The masses of enlisted men could have been used for reconstruction and security. Now the U.S. faces terrorism and building a new force.

By Mark Fineman, Warren Vieth and Robin Wright

LA Times Staff Writers

August 24, 2003

WASHINGTON -- U.S. civil administrator L. Paul Bremer III had been on the job in Baghdad less than two weeks when he announced a decision that sent shockwaves through Iraqi society.

With a stroke of the pen, Bremer dissolved Iraq's vast armed services, sending pink slips to more than 400,000 armed officers and enlisted men whose light resistance had helped secure the U.S.-led military victory against their government.

It was a decision that went against the advice of U.S. experts and exiled Iraqi military officers who had spent months preparing detailed plans for the Bush administration that called for giving the Iraqi army a key role in winning the peace.

Now, many Iraqis believe, the cost of that decision is becoming painfully clear. U.S. troops and occupation officials are struggling to go it alone in defending themselves and Iraq against daily attacks by armed opponents, who are blowing up water mains, oil pipelines, electric towers, military convoys and, in recent days, the Jordanian embassy and the U.N. headquarters in Baghdad.

Some experts believe Bremer's May 23 edict may even have provided recruits for the insurgency by alienating trained officers and enlisted men who were enraged by the decree. One administration official suggested last week that former senior officers may even be "directing" the attacks.

At the same time, Pentagon leaders are calling for Iraqis to take a greater role in defending their country against attacks. They are scrambling to build a new Iraqi army from scratch — while most of the old army sits at home collecting stipends of $50 to $150 a month.

"Instead of us using these personnel against terrorism, terrorists are using them against us," said former Iraqi special forces Maj. Mohammed Faour, who helped lead a group of exiles who consulted in the administration's early postwar military planning.

"This is a tragedy. We could use these people. They are military people. They are professionals. They are used to obeying orders. They need money. They need the lives they had before."

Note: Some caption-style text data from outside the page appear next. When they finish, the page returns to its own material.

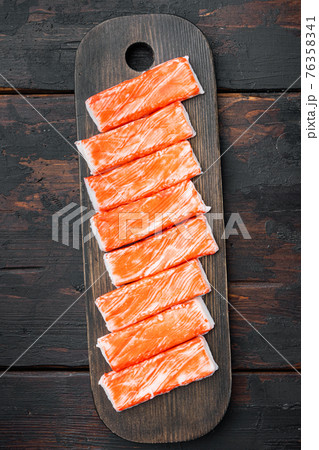 Fresh Crab meat stick surimi , on wooden cutting board, on dark wooden background Fresh Crab meat stick surimi , on wooden cutting board, on dark wooden background 76358341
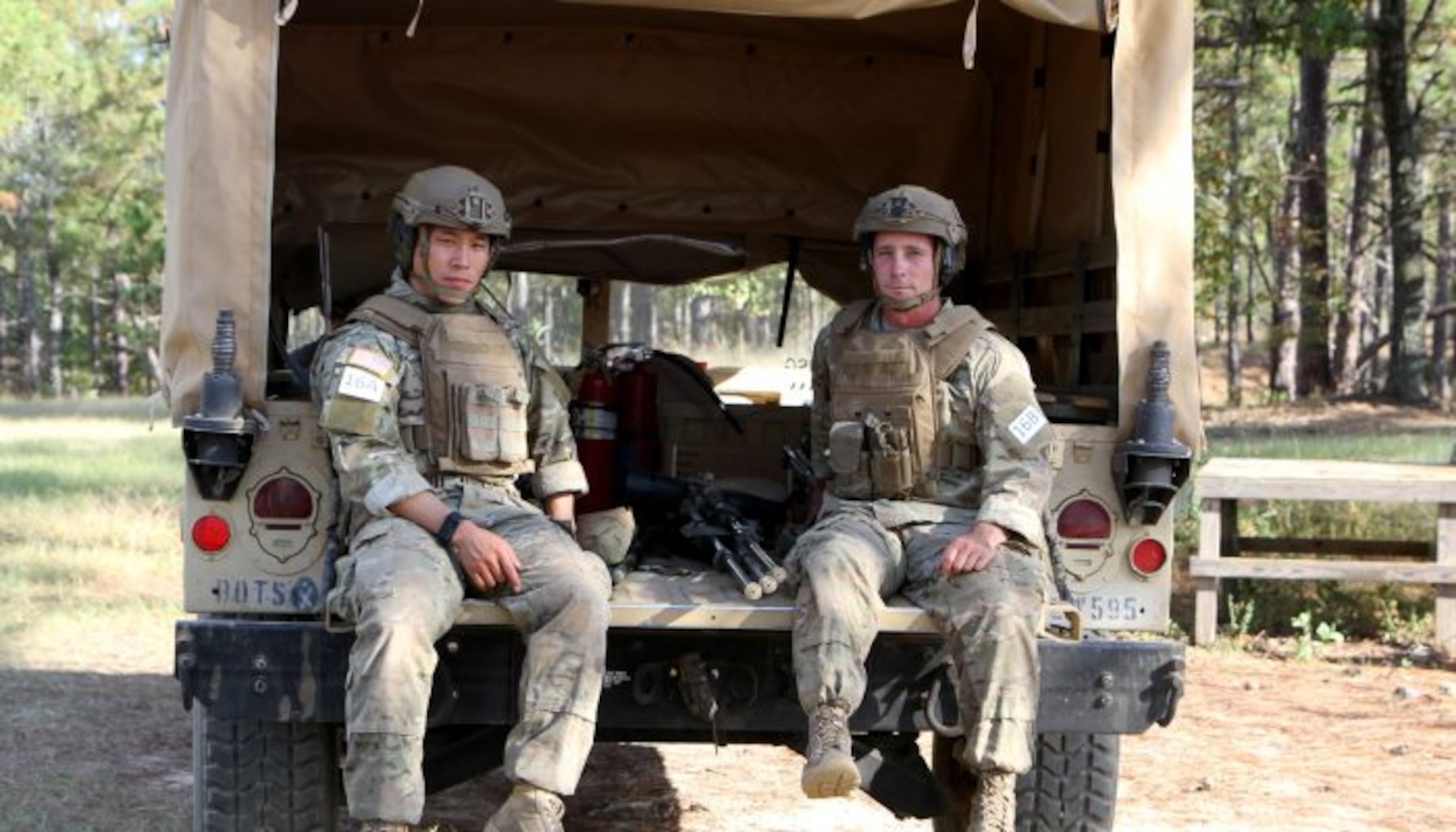 Michigan National Guard's Sgt. Saykham Keophalychanh and Sgt. Nicholas Mitchell of Headquarters Company, 3rd Battalion, 126th Infantry Regiment, wait their turn on the “Moving Target” event of Fort Benning’s International Sniper Competition. 

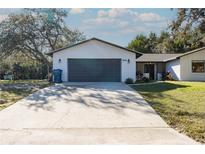 Charming single-story home featuring an attached garage and well-maintained front lawn at 8436 Cameo St, Spring Hill, FL 34608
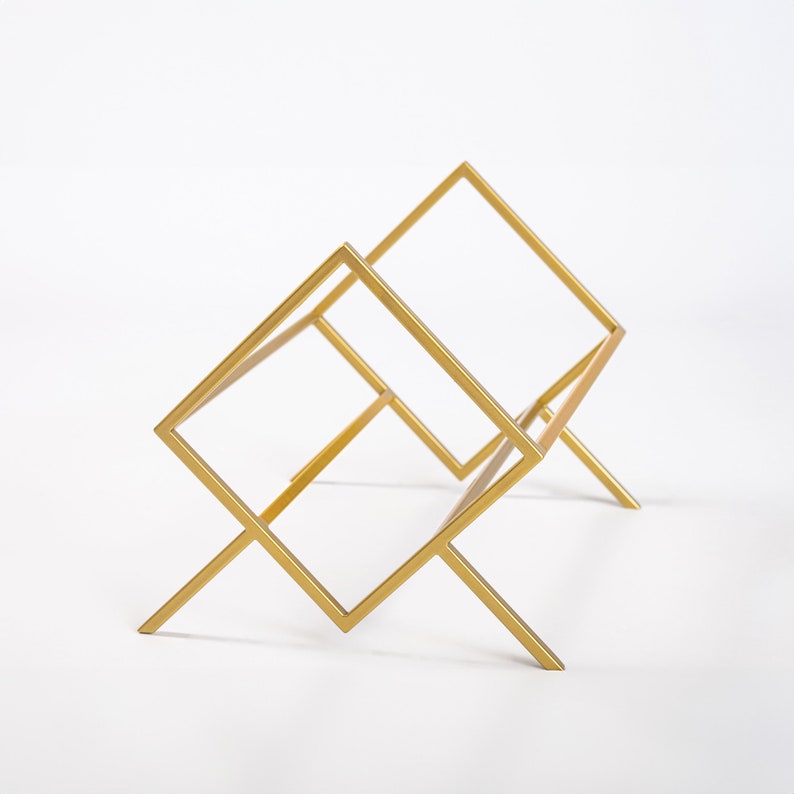 May include: A gold-colored metal rack featuring a geometric design with two interconnected square frames supported by angled legs. The structure is composed of thin, straight metal bars forming an open, angular silhouette.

In defending the decision, Bremer, his top aides and administration officials in Washington said the army had dissolved itself and there was no Iraqi military left to rebuild. They added that the decision — made at "very high policy levels" in Washington — also was meant as a "highly symbolic" message that the old regime was dead.

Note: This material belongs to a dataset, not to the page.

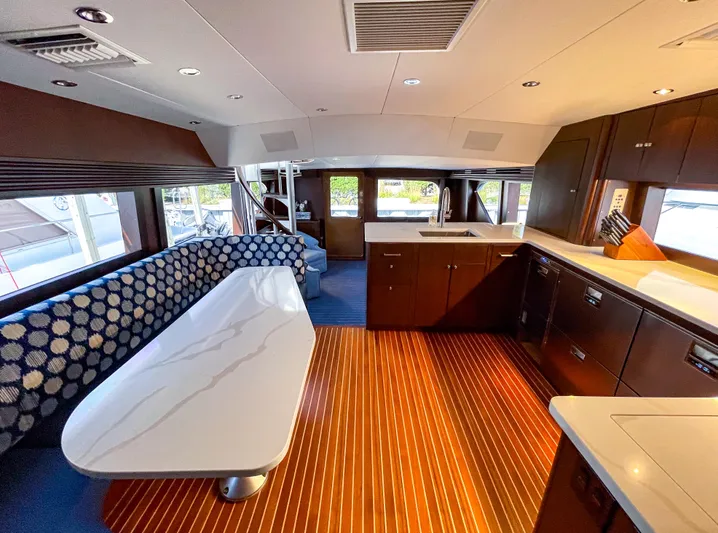 Soteria Yacht Photos Pics Luxurious interior of 1999 Hatteras 70 Convertible yacht with modern kitchen and seating area.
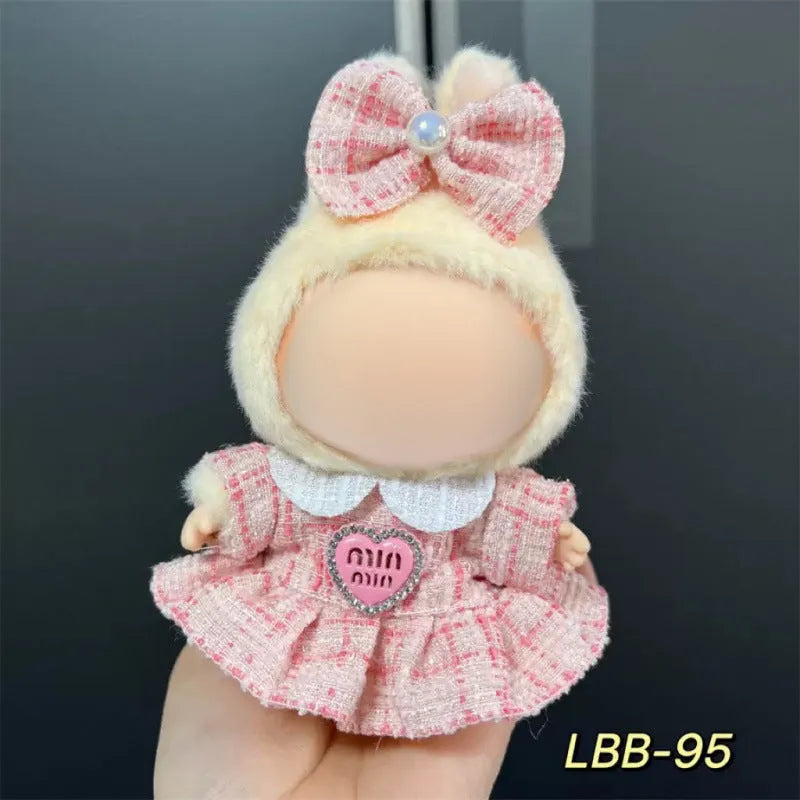 Plastic clothing outfit for a 17cm tall collectible vinyl figurine doll.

"By the time the conflict was over, that army, so-called, didn't exist anymore. There was nothing to disband," Bremer said in a recent interview. The ranks of top officers, he added, "had been in the army so long they were essentially not going to be re-treadable into the new army."

Some Iraqis find that explanation disingenuous. Tens of thousands of soldiers who went home rather than fight did so because the American forces urged them to, with weeks of leafleting that admonished them not to fight.

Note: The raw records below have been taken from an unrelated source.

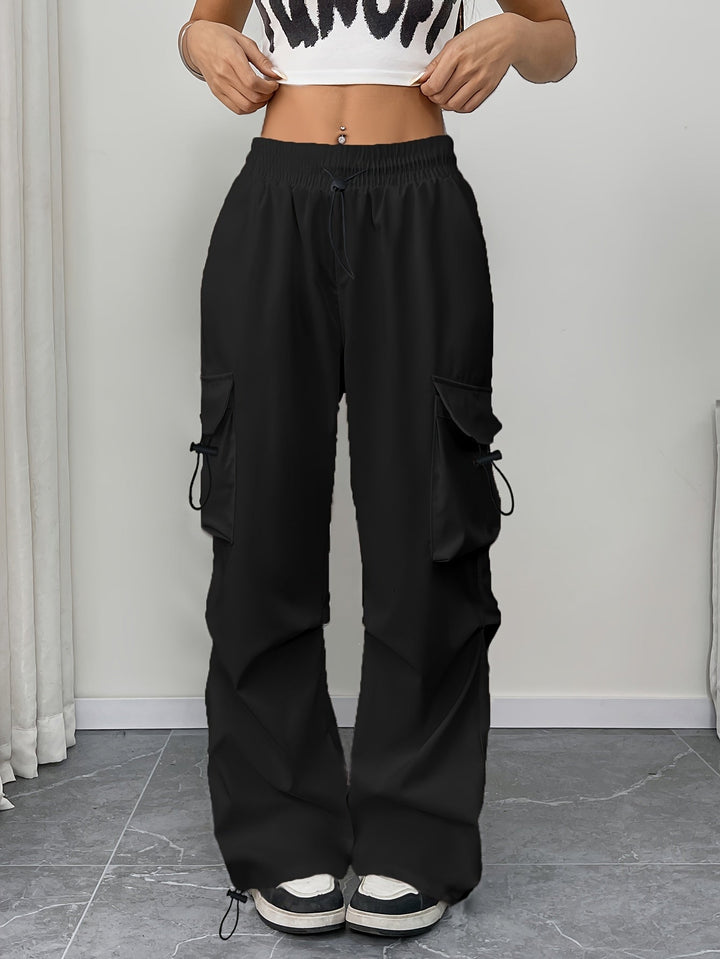 Comfortable women's wide leg cargo pants with drawstring waist & pockets. Ideal for travel & everyday wear.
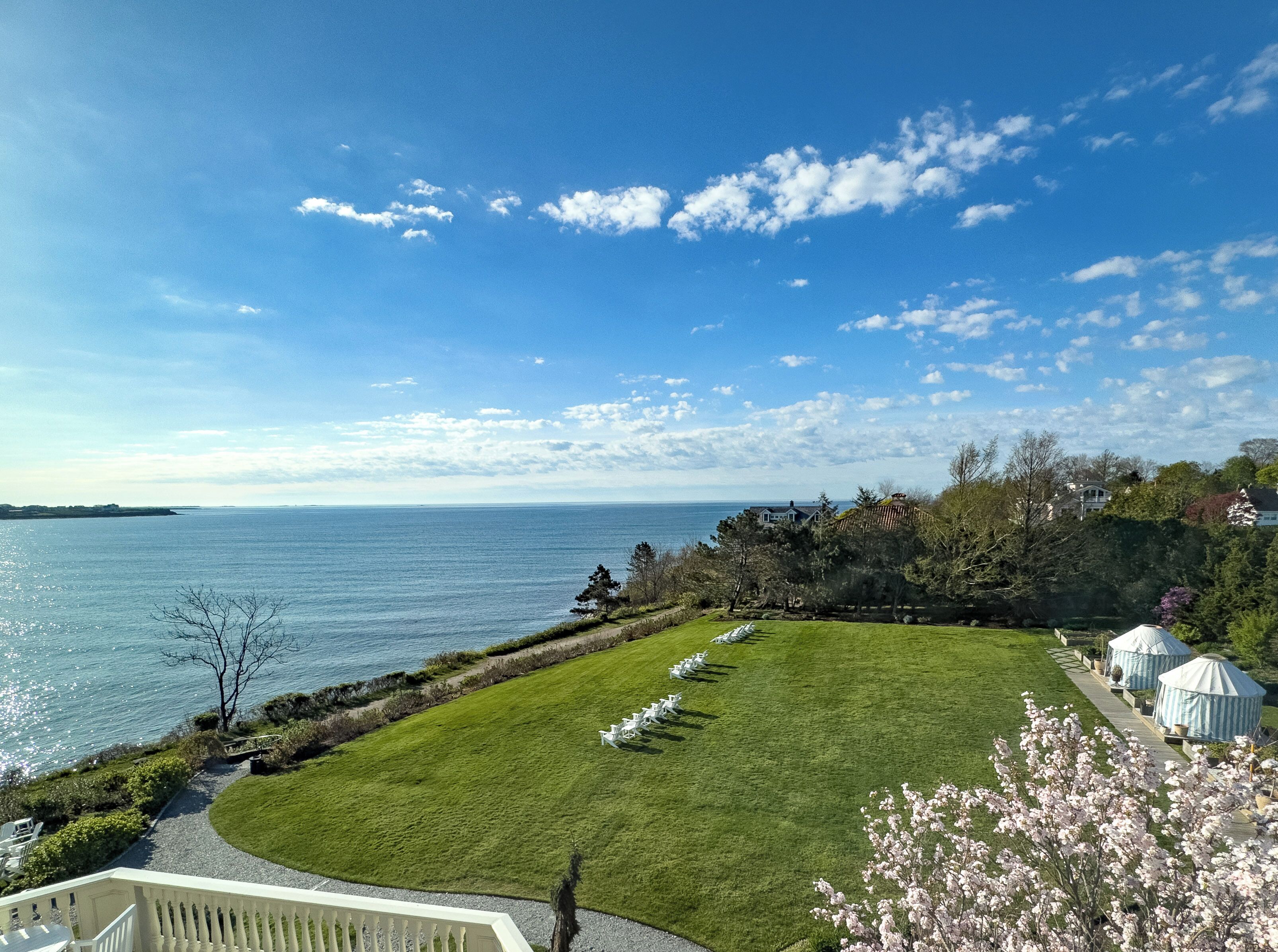 A coastal view with a grassy lawn, white chairs, and yurts by the water.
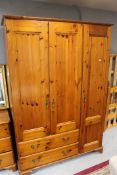 A pine triple door wardrobe fitted two drawers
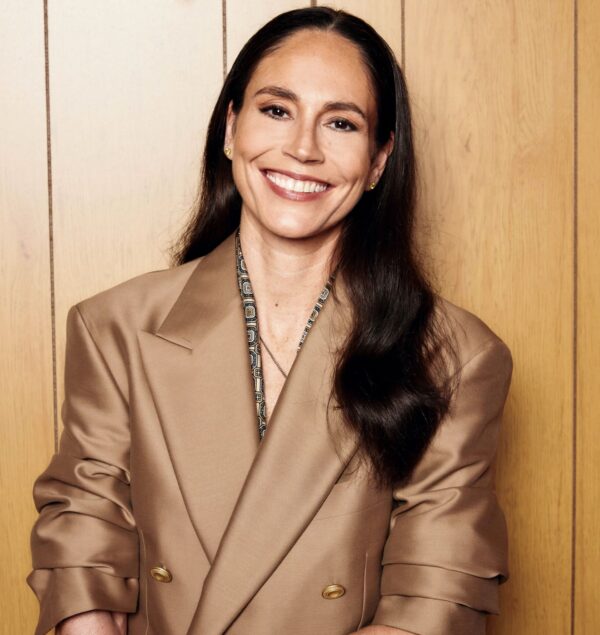 WNBA champion Sue Bird smiles in her headshot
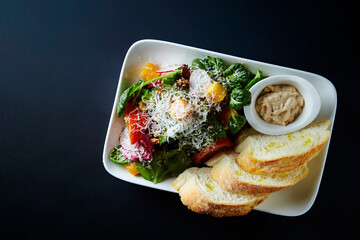 Baguette bread and vegetable salad and cheese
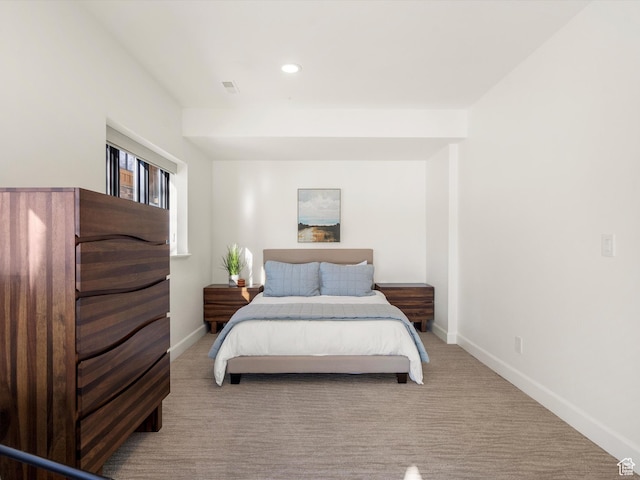 carpeted bedroom featuring recessed lighting, visible vents, and baseboards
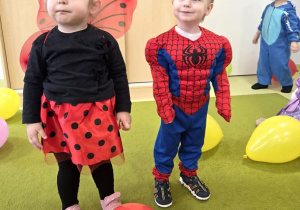 dzieci tańczą na dywanie z kolorowymi balonami.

In the weeks before Bremer issued his decree, Iraqi officers were telling anyone who would listen — from visiting exiles to foreign journalists to U.S. military officials — that they were simply waiting for the Americans to order them back to their barracks.

Bremer's decree appeared to reverse course from the path chosen by his predecessor, retired Lt. Gen. Jay Garner, whose original post-battle plan incorporated much of the nation-rebuilding role the exiles envisioned for Iraq's defeated armed forces.

Some also believe the decision has contributed to escalating violence in Iraq. Those suspicions were fueled by evidence that last week's U.N. bomb was cobbled together from Soviet military munitions, a mainstay of Saddam Hussein's army.

Indeed, shortly after the bombing, senior coalition official and former New York City Police Commissioner Bernard Kerik was quoted as saying authorities would not rule out former Iraqi military involvement in the blast, which left at least 20 dead.

"It was an atrocious decision" to disband the army, said Feisal Istrabadi, a Chicago attorney who participated in a State Department project dubbed Future of Iraq.

"I don't understand why you take 400,000 men who were lightly armed and trained, and turn them into your enemies. Particularly when these are people who didn't fight."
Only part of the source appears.